[[ Information shown open ]]

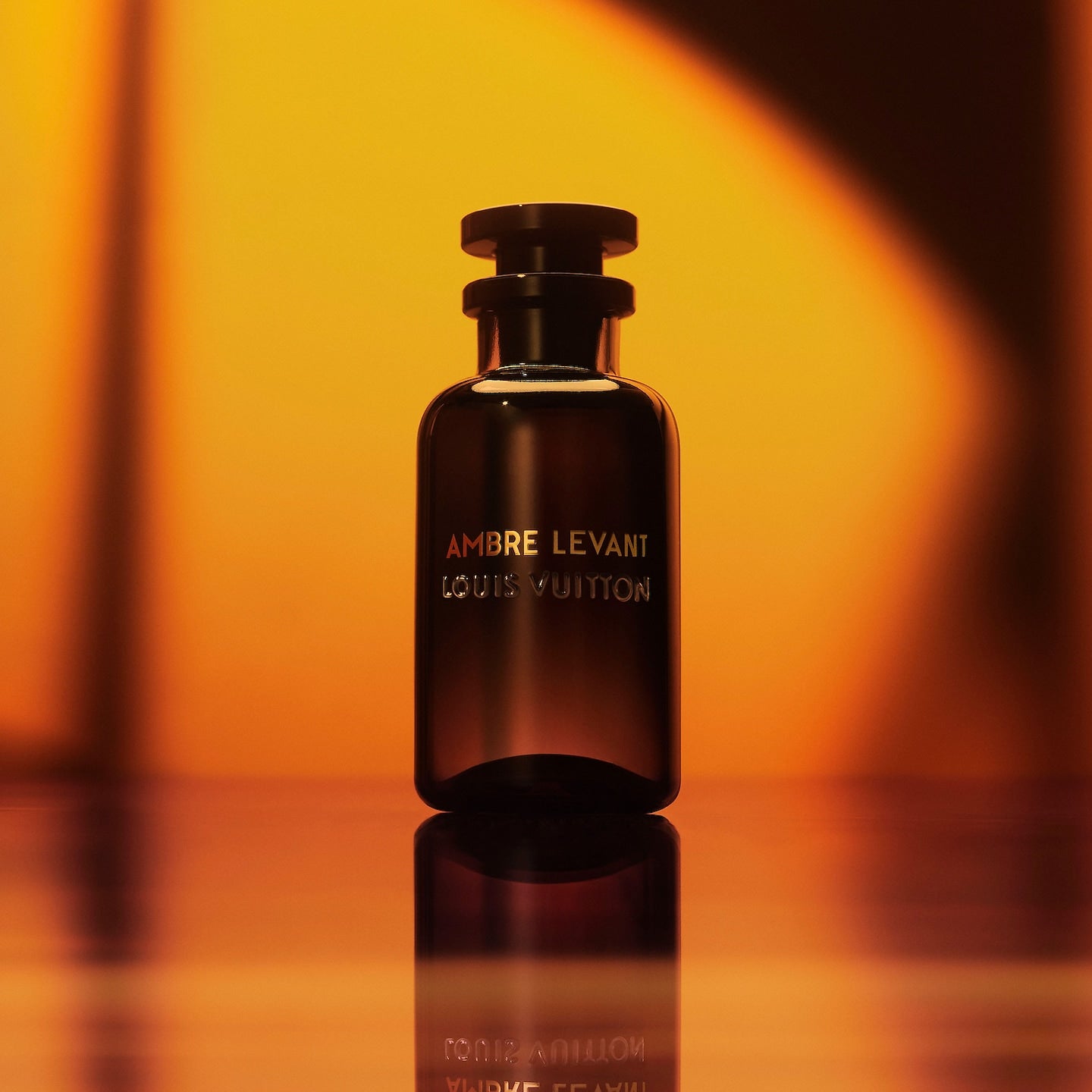 AMBRE LEVANT – LOUIS VUITTON
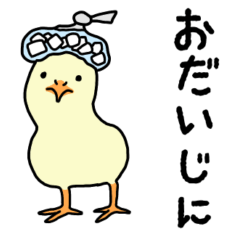 [LINEスタンプ] ひよこのピソとすずめのマヤ 冬のスタンプ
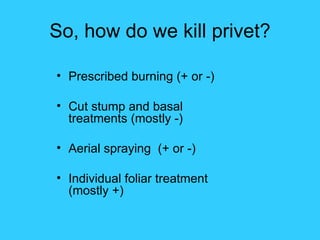 So, how do we kill privet?

• Prescribed burning (+ or -)

• Cut stump and basal
  treatments (mostly -)

• Aerial spraying (+ or -)

• Individual foliar treatment
  (mostly +)
 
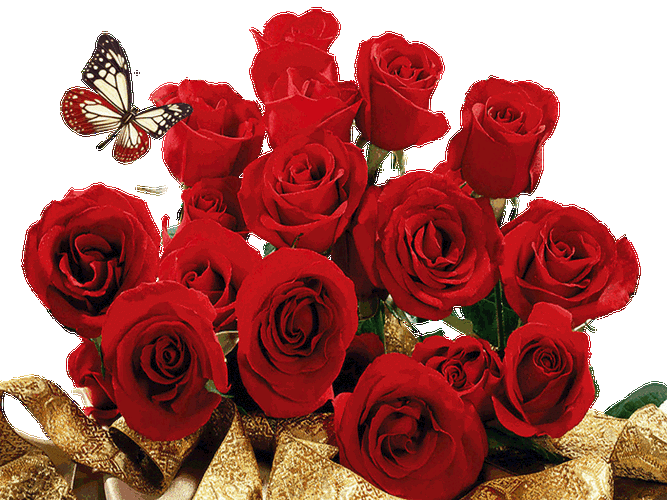 灵魂在一朵玫瑰里觉醒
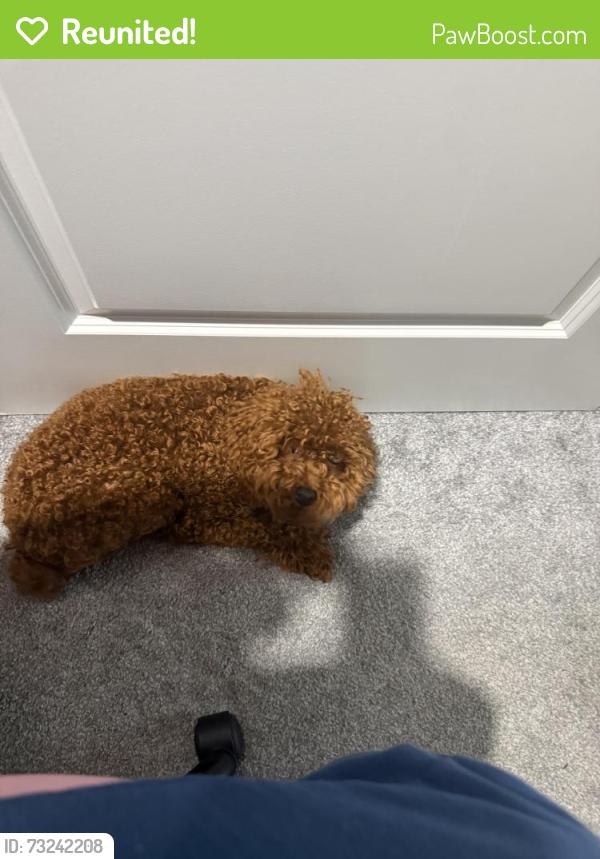 Reunited Male Dog last seen James Jackson pkwy, Atlanta, GA 30318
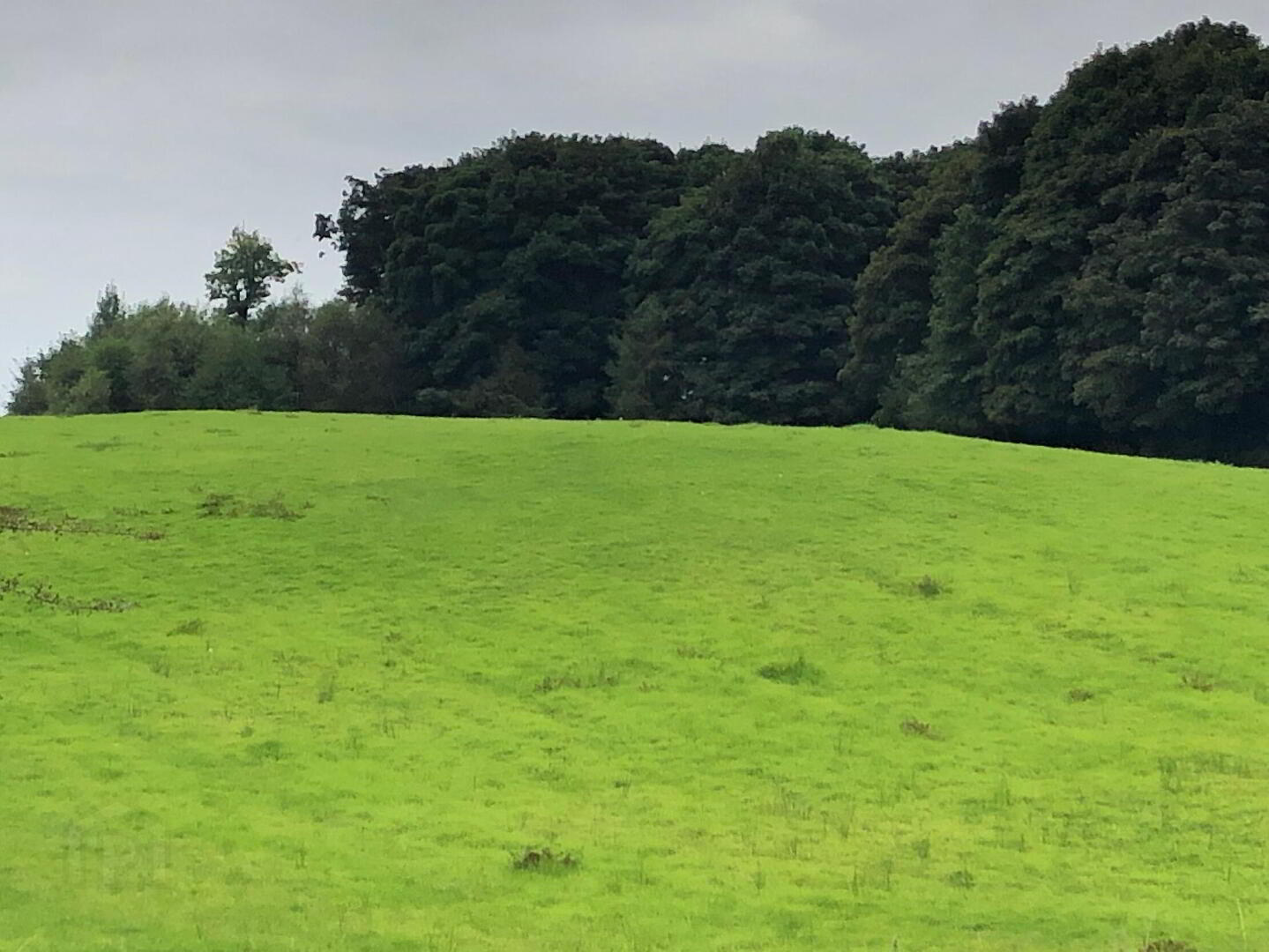 C. 13.26 Acres Of Farm Land At Castlemacgarrett 3 of 4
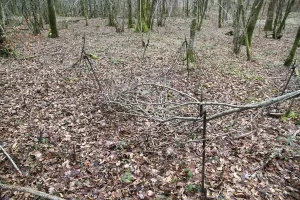 Ligne Maginot - B18 - ETANG-NEUF EST - (Blockhaus pour arme infanterie) - Le réseau est en place, dangereux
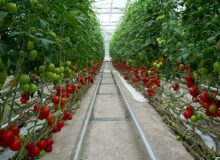 اختصاص ۲۰ میلیارد تومان برای ایجاد شهرک گلخانه‌ای در البرز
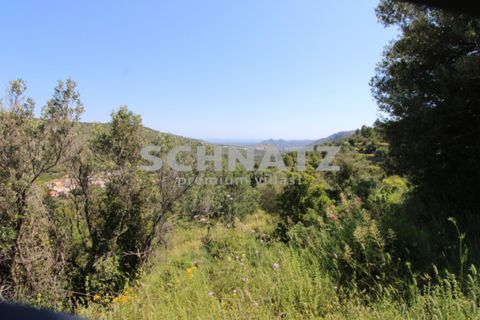 Finca i Jalon, Alicante, Jalon - € 795.000 | Ref: JA5457 - foto 35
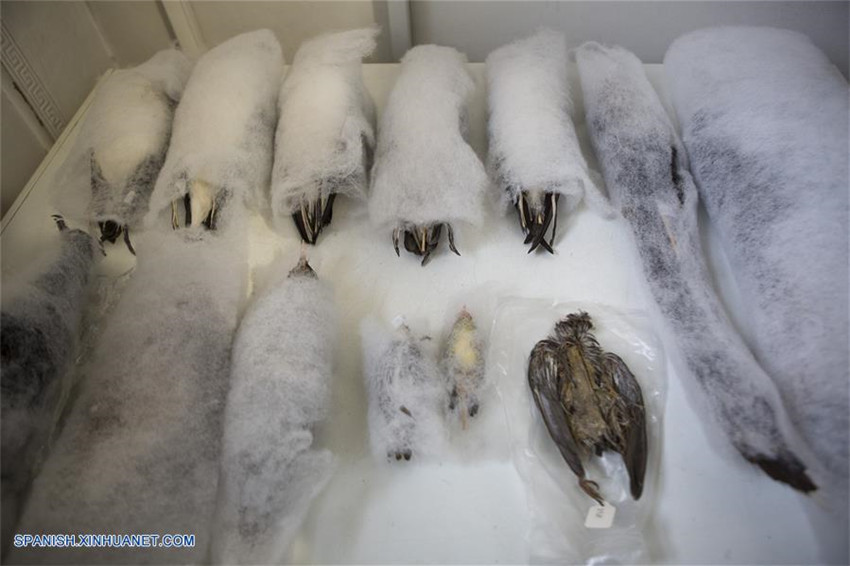 Museo Argentino participa en proyecto internacional para crear acervo con ADN de animales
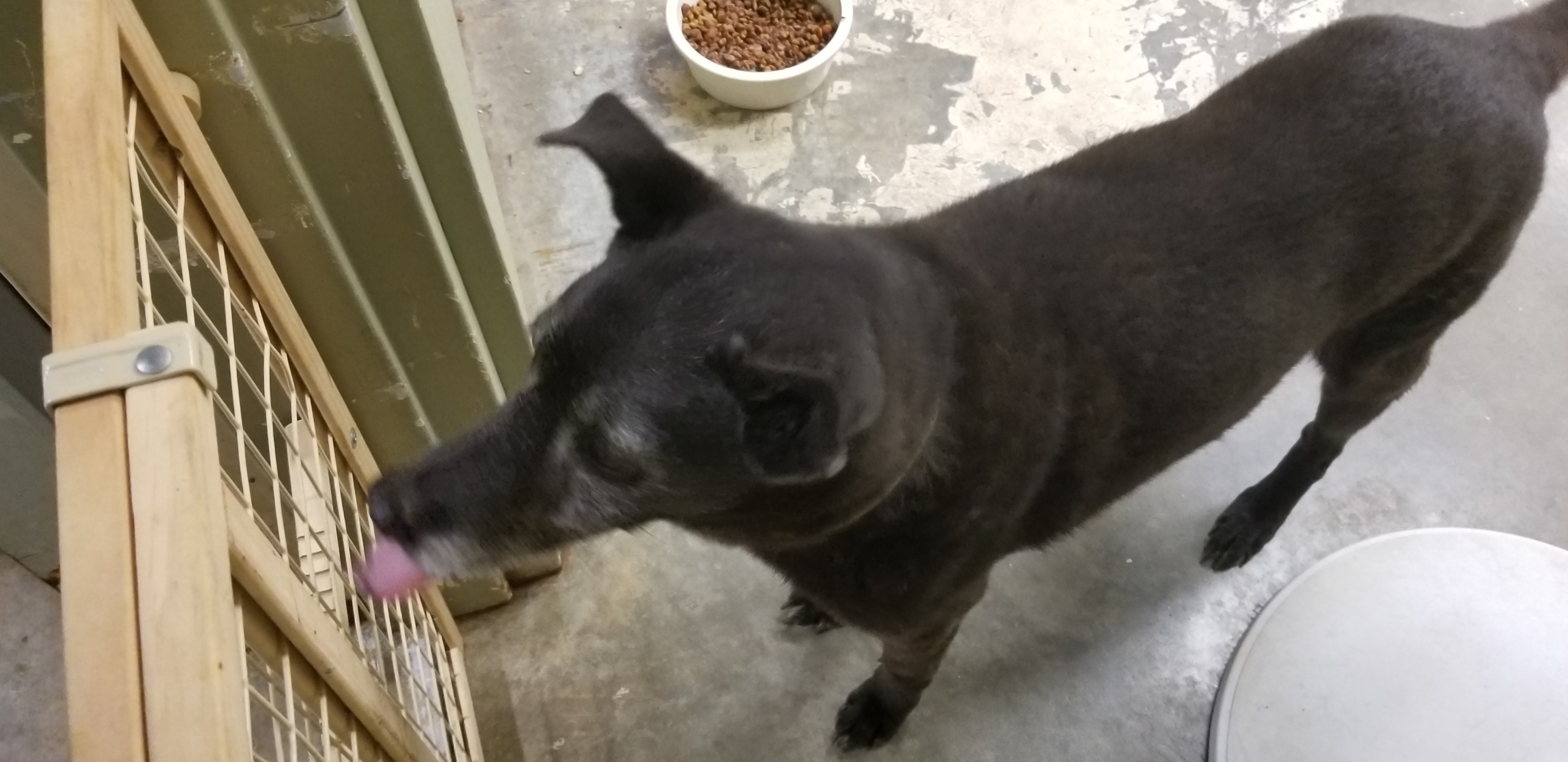 Nikki, an adoptable Australian Cattle Dog / Blue Heeler in Grove, OK, 74344 | Photo Image 3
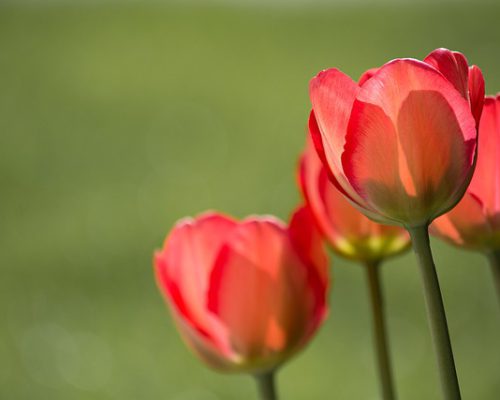 rote tulpen Bea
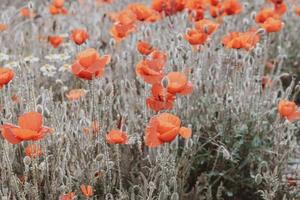 selvagem vermelho papoilas em uma Primavera Prado dentro caloroso brilho do sol foto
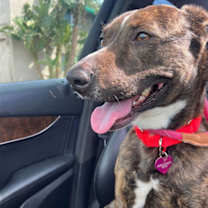 Thumbnail photo of Daisy #2
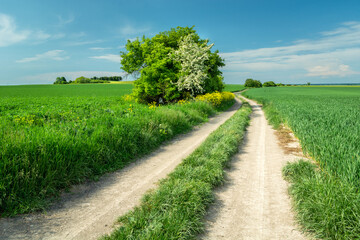 Fototapeta na wymiar A dirt road and beautiful spring fields
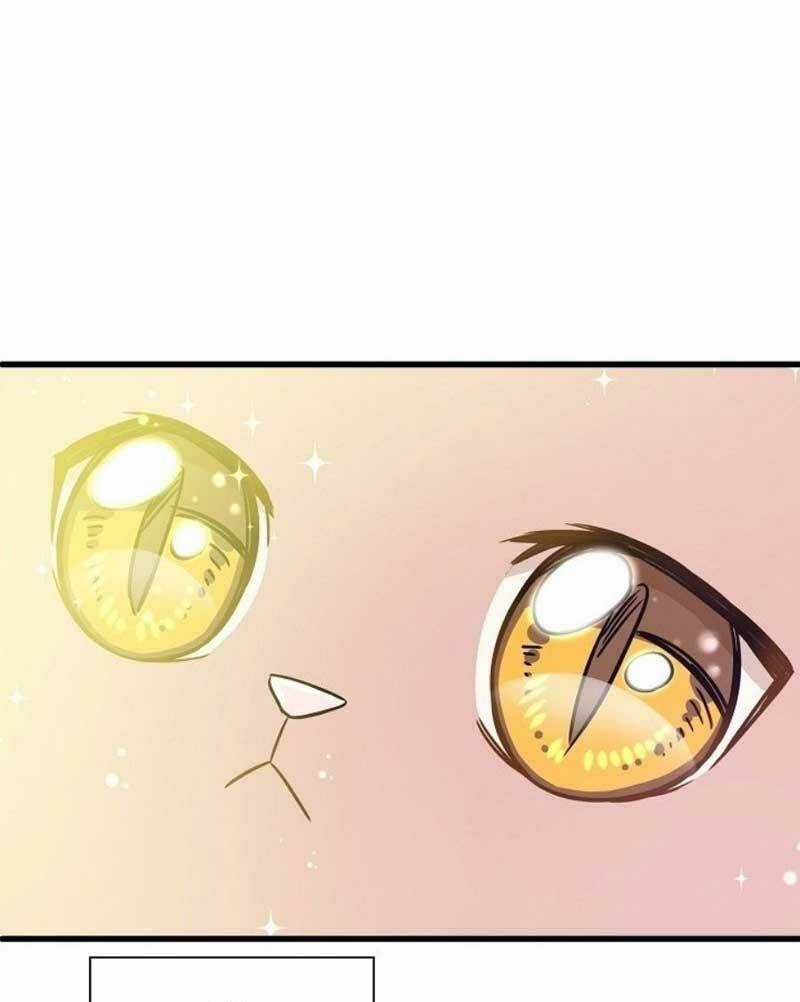 Cuộc Sống Kỳ Thú - Chapter 2 - Trang 45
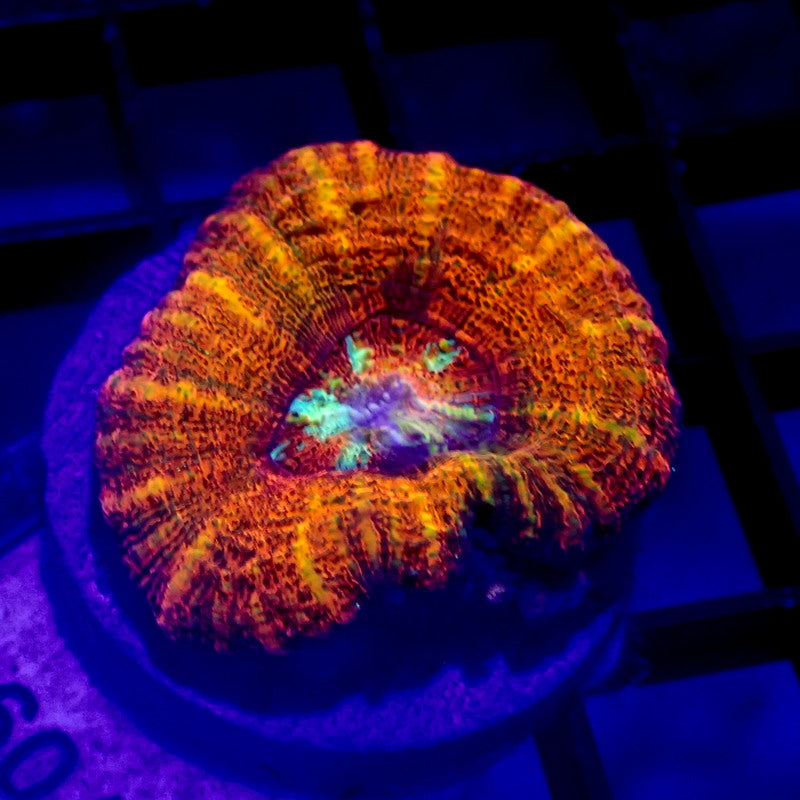 Red Asian Acan Maxima WYSIWYG K7099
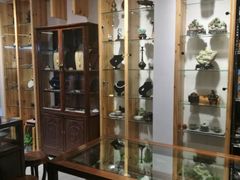 -灵龟之家百象馆(百象馆联合旗舰店)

[[ Information shown closed ]]

Action item.
Please print the entries exactly as they stand. Images are not part of the copy.

Answer for this exercise.
 AMBRE LEVANT – LOUIS VUITTON
 [LINEスタンプ] ひよこのピソとすずめのマヤ 冬のスタンプ
 So, how do we kill privet?

• Prescribed burning (+ or -)

• Cut stump and basal
  treatments (mostly -)

• Aerial spraying (+ or -)

• Individual foliar treatment
  (mostly +)
 
 灵魂在一朵玫瑰里觉醒
 Reunited Male Dog last seen James Jackson pkwy, Atlanta, GA 30318
 C. 13.26 Acres Of Farm Land At Castlemacgarrett 3 of 4
 Ligne Maginot - B18 - ETANG-NEUF EST - (Blockhaus pour arme infanterie) - Le réseau est en place, dangereux
 اختصاص ۲۰ میلیارد تومان برای ایجاد شهرک گلخانه‌ای در البرز
 Finca i Jalon, Alicante, Jalon - € 795.000 | Ref: JA5457 - foto 35
 Museo Argentino participa en proyecto internacional para crear acervo con ADN de animales
 Nikki, an adoptable Australian Cattle Dog / Blue Heeler in Grove, OK, 74344 | Photo Image 3
 rote tulpen Bea
 selvagem vermelho papoilas em uma Primavera Prado dentro caloroso brilho do sol foto
 Thumbnail photo of Daisy #2
 Fototapeta na wymiar A dirt road and beautiful spring fields
 Cuộc Sống Kỳ Thú - Chapter 2 - Trang 45
 Red Asian Acan Maxima WYSIWYG K7099
 -灵龟之家百象馆(百象馆联合旗舰店)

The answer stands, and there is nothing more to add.